Spesso, è vero, non è facile descrivere chiaramente nei figli di giocatori d’azzardo patologici, gli elementi pregiudizievoli al loro benessere. Vivono esperienze di illusione-disillusione; assistono a manifestazioni di aggressività e rabbia; a volte vengono derubati dei propri averi (denaro o oggetti di valore), ma a volte vengono “premiati” con grosse ricompense (doni o vacanze); vivono in un ambiente familiare in cui regnano menzogna e non chiarezza; spesso appaiono adultizzati e responsabilizzati tanto da sembrare ad uno sguardo esterno non specializzato, bambini adeguati; provano sensi di colpa, rabbia, vergogna; spesso manifestano sintomi psicosomatici.

Ma tutto questo si manifesta chiaramente nelle situazioni conclamate e durante un percorso di presa in carico dell’adulto patologico presso i servizi di cura specializzati e formati sulla tematica del gioco d’azzardo. Tutto ciò che viene prima, rimane nel sommerso e nell’isolamento delle mura familiari. Non possiamo certo quindi parlare di tutela e prevenzione del minore.

E se volessimo ulteriormente complicare la situazione non potremmo non parlare di tutte quelle situazioni di minori che “accompagnano” gli adulti nei luoghi dell’azzardo; spettatori obbligati ad assistere, a condividere o spesso a subire, il comportamento dei propri adulti di riferimento. Possiamo parlare di azzardo passivo?

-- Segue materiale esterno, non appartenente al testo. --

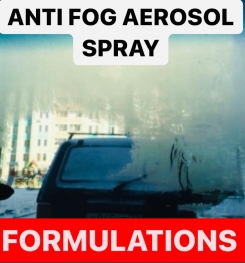 ANTI FOG AEROSOL SPRAY FORMULATIONS AND PRODUCTION PROCESS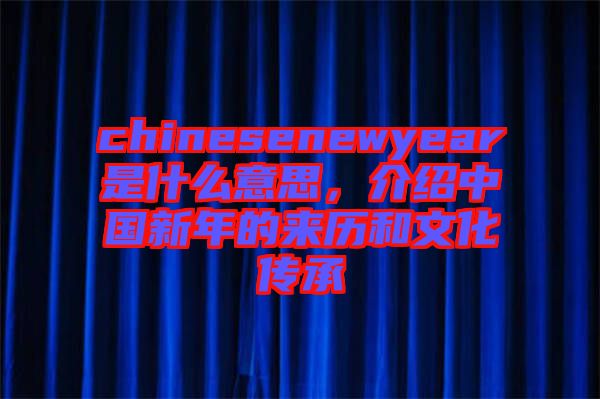 chinesenewyear是什么意思，介紹中國新年的來歷和文化傳承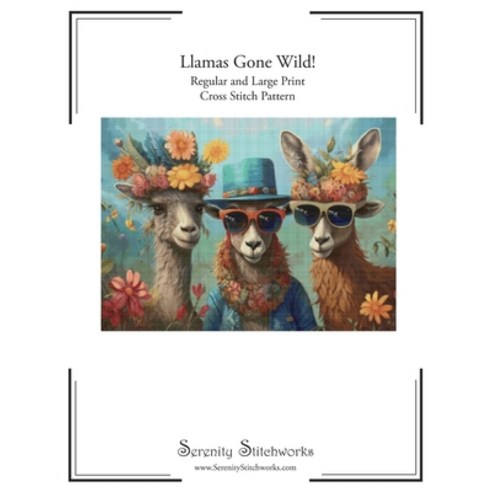 (영문도서)Llamas Gone Wild! Cross Stitch Pattern: Regular and Large Print Cross Stitch Pat... Paperback, Independently Published, English, 9798287337131 Independently Published, English, 9798287337131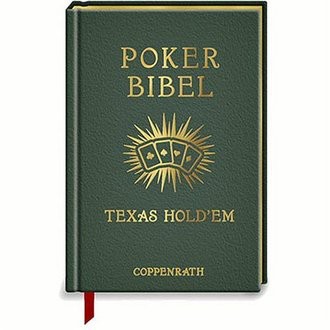 Pokerbibel; Texas Hold'em, Regeln, Tipps & Strategien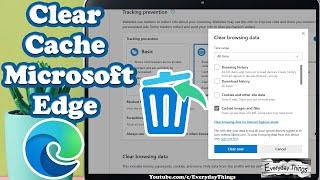 How to Clear Cache in Microsoft Edge | Easy Steps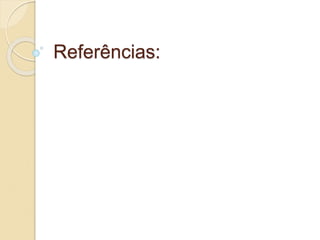 Referências:
 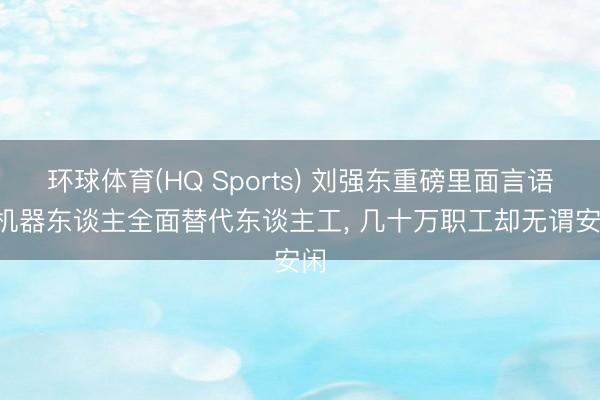 环球体育(HQ Sports) 刘强东重磅里面言语! 机器东谈主全面替代东谈主工， 几十万职工却无谓安闲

Grazie al progetto “LiberAndoci dall’Overdose da Gioco d’Azzardo” (finanziato da regione Lombardia nel 2015 – Ente capofila il comune di Samarate –Ente attuatore e consulente scientifico AND –Azzardo e Nuove Dipendenze) è stato possibile realizzare una mappatura-psicosociale osservando il comportamento di numerosi giocatori d’azzardo direttamente all’interno dei locali. La ricerca, oltre ad aver fornito interessanti elementi di analisi e di studio rispetto ai 633 giocatori d’azzardo osservati, ha rilevato diverse situazioni di azzardo passivo riguardanti minori. I report dei ricercatori, operatori esperti di gioco d’azzardo e formati appositamente allo scopo della mappatura, riportano fatti che meritano attenzione da parte di ogni cittadino adulto e responsabile al processo di co-costruzione della propria comunità locale.

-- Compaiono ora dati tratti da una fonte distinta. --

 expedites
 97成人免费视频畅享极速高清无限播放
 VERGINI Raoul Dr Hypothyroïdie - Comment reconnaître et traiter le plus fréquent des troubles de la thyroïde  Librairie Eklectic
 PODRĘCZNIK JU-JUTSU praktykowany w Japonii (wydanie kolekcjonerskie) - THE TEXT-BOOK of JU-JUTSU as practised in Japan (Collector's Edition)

Nell’ambito delle scommesse sportive, per esempio, non è infrequente osservare padri e figli discutere e confrontarsi su quale sia la scommessa più opportuna da segnare sulla schedina. Per non parlare dei bar con la presenza di slot machine nei quali sono stati osservate diverse tipologie di azzardo passivo: due genitori per esempio stavano bevendo l’aperitivo al bancone del bar mentre i figli facevano finta di giocare alle slot machine; una nonna e la figlia adulta giocavano a due slot machine e il passeggino con il passeggero a bordo stava in mezzo a loro; una coppia di genitori entra nel bar e mentre la madre ordina la consumazione il padre, per mano al bambino, si dirige alle slot machine e inizia a giocare.

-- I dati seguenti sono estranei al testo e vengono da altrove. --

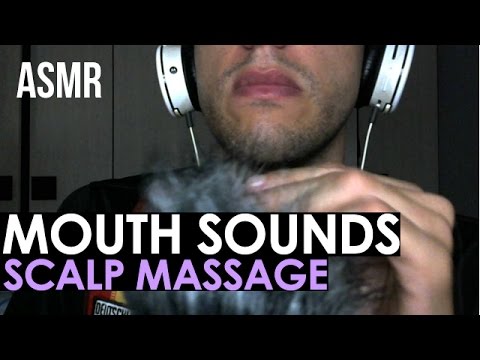 ASMR mouth sounds + scalp massage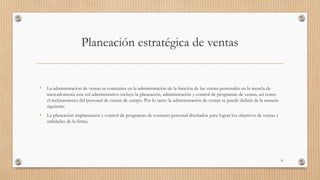Planeación estratégica de ventas
• La administración de ventas se concentra en la administración de la función de las ventas personales en la mezcla de
mercadotecnia este rol administrativo incluye la planeación, administración y control de programas de ventas, así como
el reclutamiento del personal de ventas de campo. Por lo tanto la administración de ventas se puede definir de la manera
siguiente:
• La planeación implantación y control de programas de contacto personal diseñados para lograr los objetivos de ventas y
utilidades de la firma.
31
 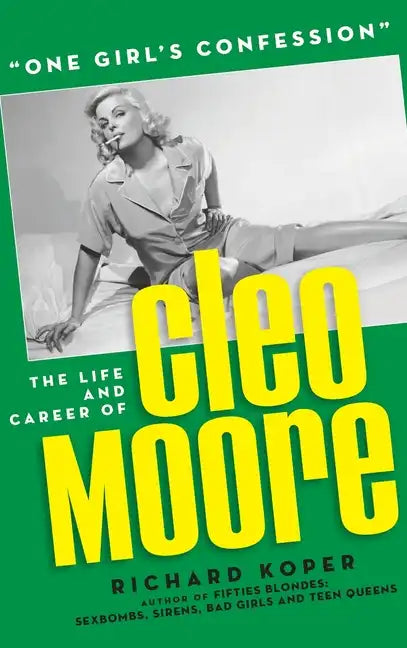 "One Girl's Confession" - The Life and Career of Cleo Moore (hardback) - Hardcover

Questi fatti sono sicuramente quotidiani, sotto gli occhi di ciascuno, magari guardati con poca attenzione e senza problematizzare, aggravati inoltre dal totale disinteresse del gestore che non interviene in alcun modo. Ma ci siamo mai chiesti qual è il messaggio che implicitamente passa ai bambini?

Pensiamo infine ai figli dei gestori di piccoli bar che trascorrono molte ore all’interno di quel luogo perché per loro è il negozio dei propri genitori, è “casa”; il pomeriggio sono seduti ad uno dei tavolini a fare i compiti mentre mamma e papà stanno dietro al bancone a preparare caffè e a servire la clientela, o alla cassa a vendere gratta e vinci e a fare le ricevute delle schedine del lotto. L’azzardo per loro è dentro la quotidianità della loro vita, è parte integrante del lavoro dei loro genitori, è normalità.

Ma come è possibile proteggere e tutelare tutti questi minori?